_Raw data_

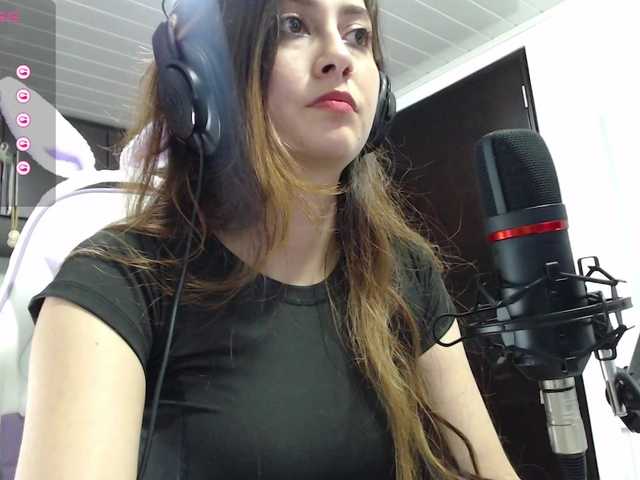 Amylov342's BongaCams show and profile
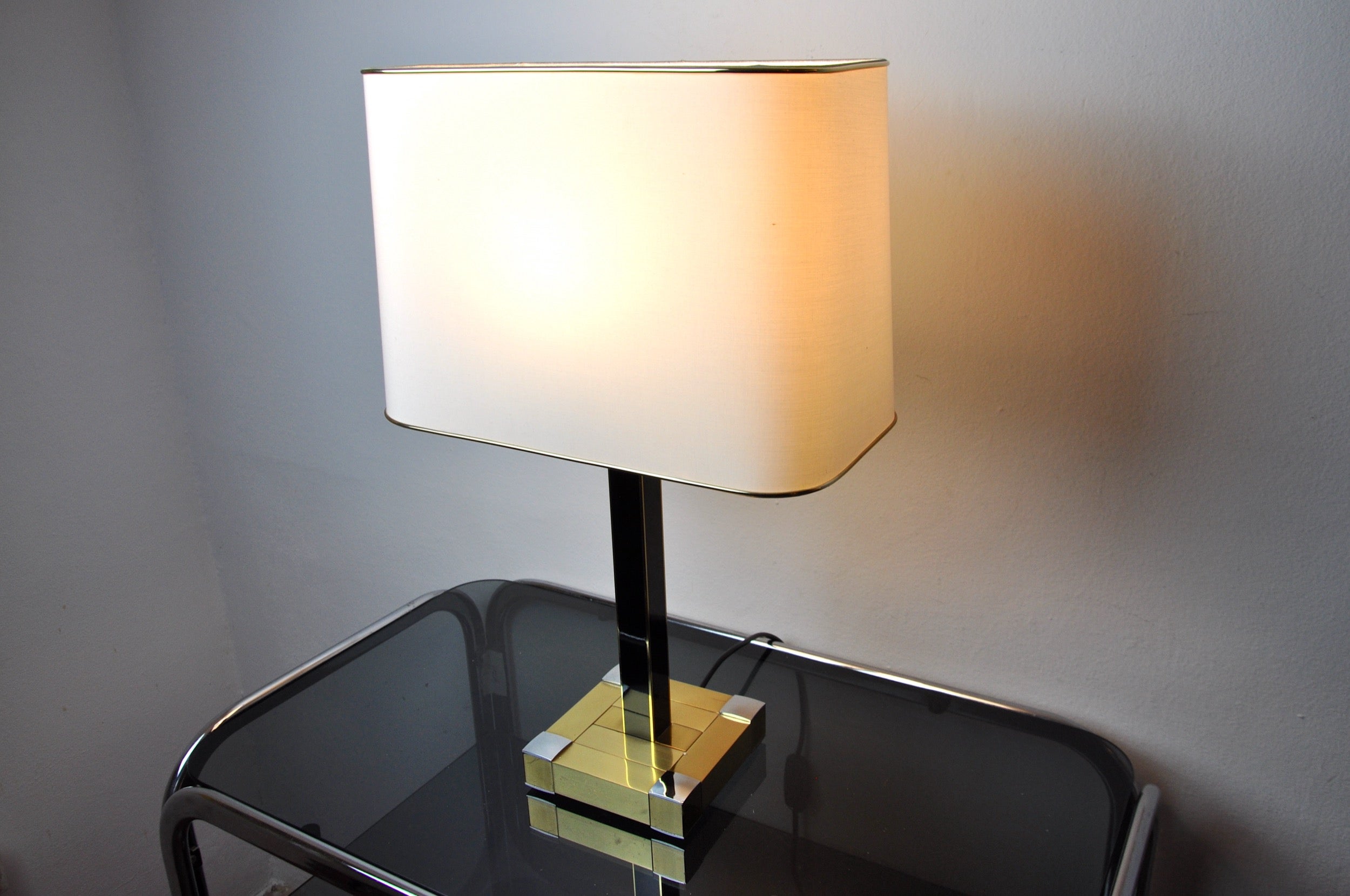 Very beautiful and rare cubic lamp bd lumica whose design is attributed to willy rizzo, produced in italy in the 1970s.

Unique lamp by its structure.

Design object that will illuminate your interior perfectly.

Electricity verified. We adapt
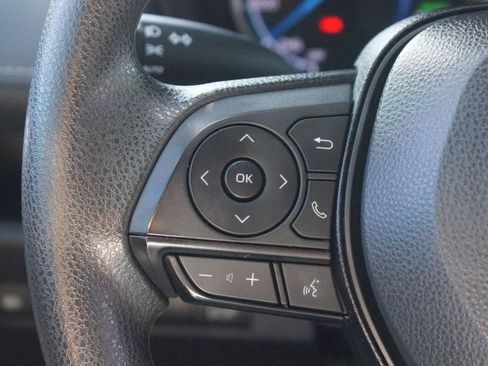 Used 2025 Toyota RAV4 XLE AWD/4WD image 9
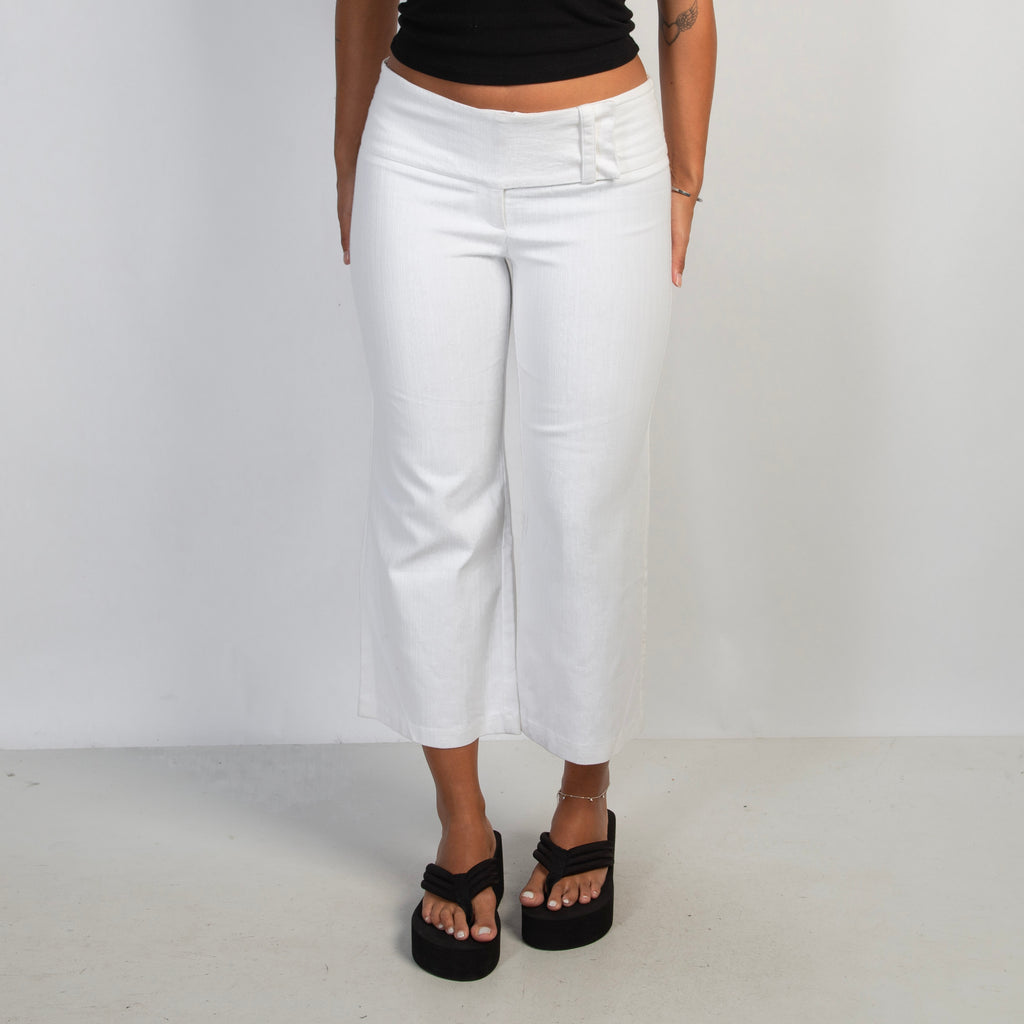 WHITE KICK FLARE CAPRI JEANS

--

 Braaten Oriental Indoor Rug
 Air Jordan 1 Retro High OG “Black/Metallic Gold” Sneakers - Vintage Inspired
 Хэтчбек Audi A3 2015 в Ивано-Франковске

* * *

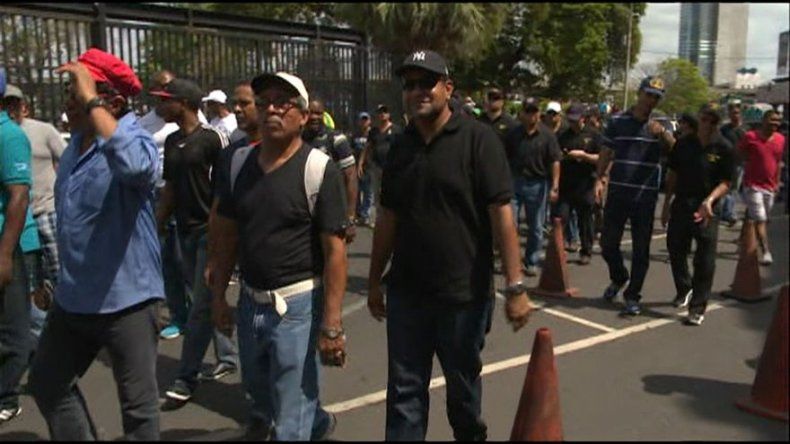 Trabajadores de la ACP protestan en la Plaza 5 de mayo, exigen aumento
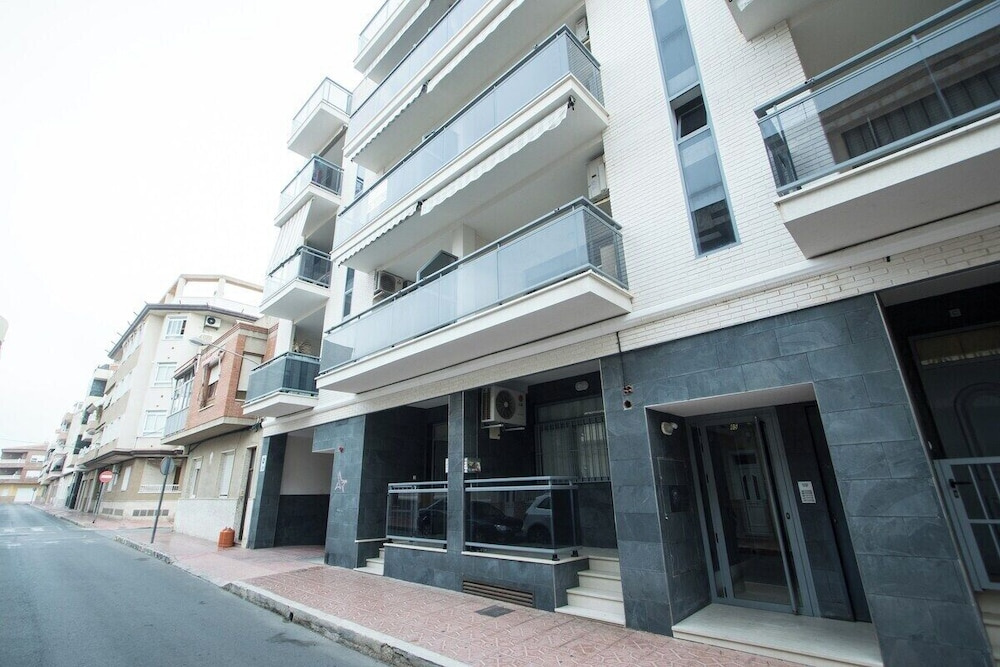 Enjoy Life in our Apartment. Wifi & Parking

_Work item_
For the material above, give again only the lines starting at the line that contains "Electricity verified. We adapt" and ending at the line that contains "WHITE KICK FLARE CAPRI JEANS". Pictures do not belong in the copy.

_Exercise response_
Electricity verified. We adapt
 Used 2025 Toyota RAV4 XLE AWD/4WD image 9
 WHITE KICK FLARE CAPRI JEANS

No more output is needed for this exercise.